1. **Copyright Authentication**: Watermarking allows for the authentication of protein structures generated by the model, helping to protect the intellectual property rights of the original creators.

2. **Tracking Generated Structures**: Watermarking enables the tracking of generated protein structures, which can be useful for auditing the use of protein generative models and identifying the original source of the structures.

3. **User-Specific Information Embedding**: Watermarking can embed user-specific information into protein structures, allowing for personalized identification and ownership verification.

4. **Negligible Impact on Structure Quality**: The watermarking framework has been designed to have a negligible impact on the original protein structure quality, ensuring that the integrity and accuracy of the generated structures are maintained.

5. **Robustness**: The watermarking method is robust ag

## 8. Custom Prompt Engineering

Fine-tune how the system responds by customizing prompts.

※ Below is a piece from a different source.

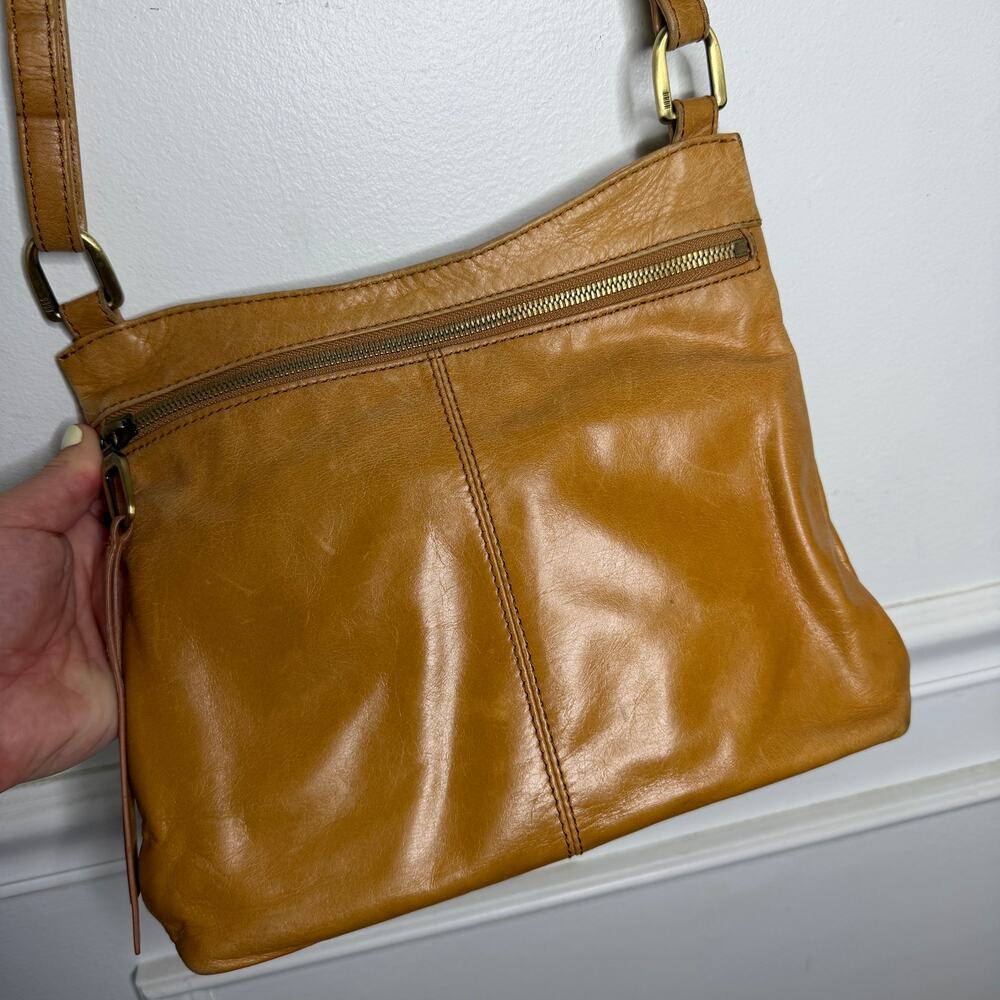 Hobo Cambel Crossbody Purse Truffle Brown Leather Purse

**Prompt Template Variables:**
- `{context_str}`: Replaced with relevant document chunks
- `{query_str}`: Replaced with the user's question

**Expected Result:**
- Every response should now start with "According to the article"
- This ensures clear attribution to the source document

In [None]:
from llama_index.core import Prompt

template = (
    "We have provided context information below. \n"
    "---------------------\n"
    "{context_str}"
    "\n---------------------\n"
    "Given this information, please answer the question and each answer should start with 'According to the article': {query_str}\n"
)
qa_template = Prompt(template)

In [None]:
query_engine = index.as_query_engine(text_qa_template=qa_template)
response = query_engine.query("What are the benefits of watermarking protein generative models?")
print(response)

According to the article, the benefits of watermarking protein generative models include:
1. Providing copyright authentication for generated protein structures.
2. Allowing tracking of generated structures to prevent unauthorized use.
3. Ensuring user-specific information can be embedded in protein structures.
4. Preserving generation quality while learning to generate watermarked structures.
5. Exerting a negligible impact on the original protein structure quality.
6. Being robust under potential post-processing and adaptive attacks.